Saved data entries
+ + + + + + +

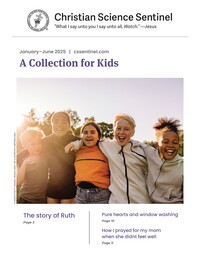 A Collection for Kids - January–June 2025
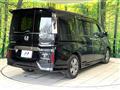 2018 Honda Step WGN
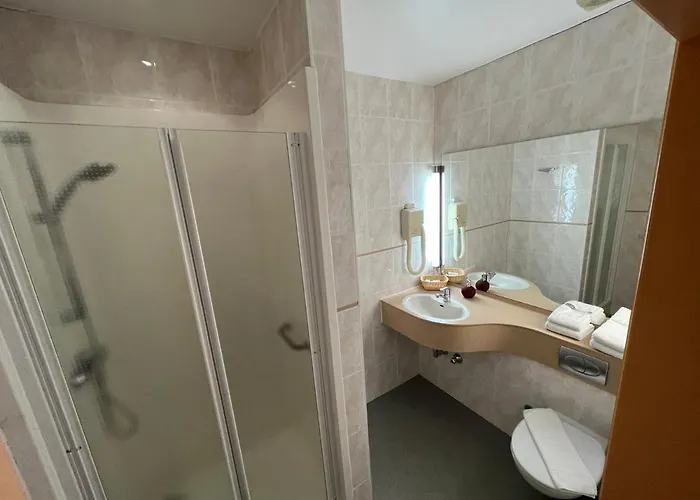 Canteklaar 2* De Haan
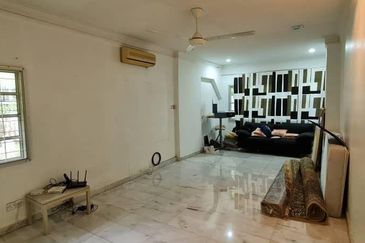 Damansara Heights (Bukit Damansara)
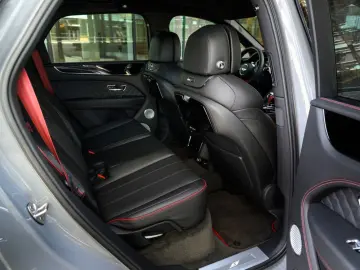 BENTLEY Bentayga 4.0 V8 S 4WD Autom.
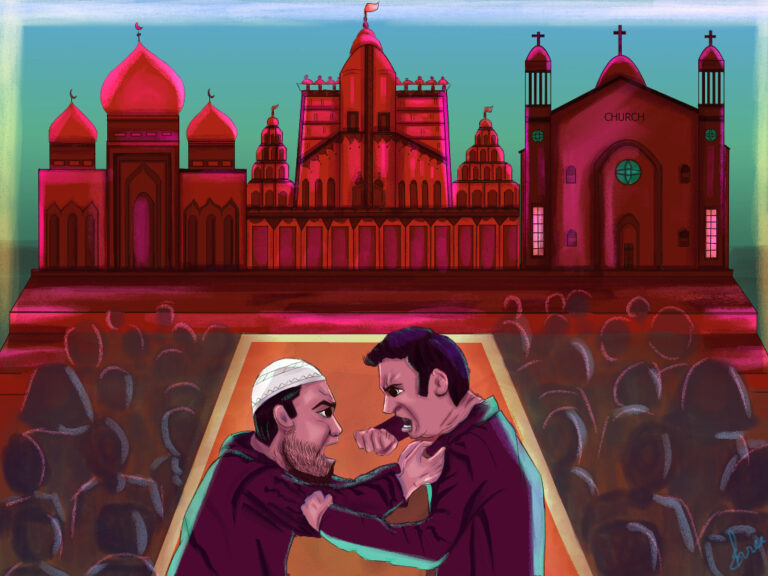 India’s celebrations: Festivals of Harmony or Flashpoints of Hatred?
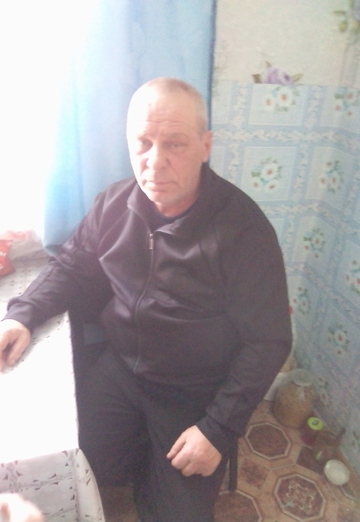 Моя фотография - Владимир, 64 из Дальнереченск (@vladimir243670)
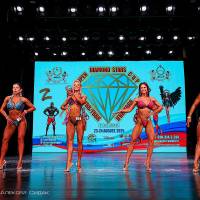 OPEN DIAMOND STARS CUP IPC/IFBB  (Фото №1024)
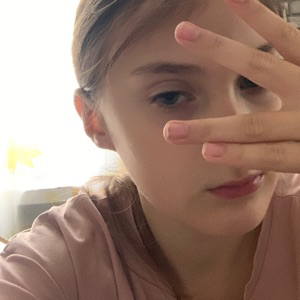 Настя Дорохова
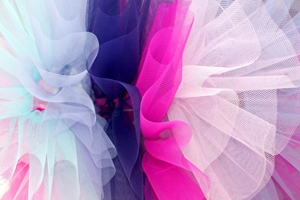 Picture for category Tulle                                                       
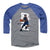 Markelle Fultz Men's Baseball T-Shirt | 500 LEVEL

+ + + + + + +

What the task asks:
Please give the entries again word for word, without any pictures.

Your response:
 A Collection for Kids - January–June 2025
 2018 Honda Step WGN
 Canteklaar 2* De Haan
 Damansara Heights (Bukit Damansara)
 BENTLEY Bentayga 4.0 V8 S 4WD Autom.
 India’s celebrations: Festivals of Harmony or Flashpoints of Hatred?
 Моя фотография - Владимир, 64 из Дальнереченск (@vladimir243670)
 OPEN DIAMOND STARS CUP IPC/IFBB  (Фото №1024)
 Настя Дорохова
 Picture for category Tulle                                                       
 Markelle Fultz Men's Baseball T-Shirt | 500 LEVEL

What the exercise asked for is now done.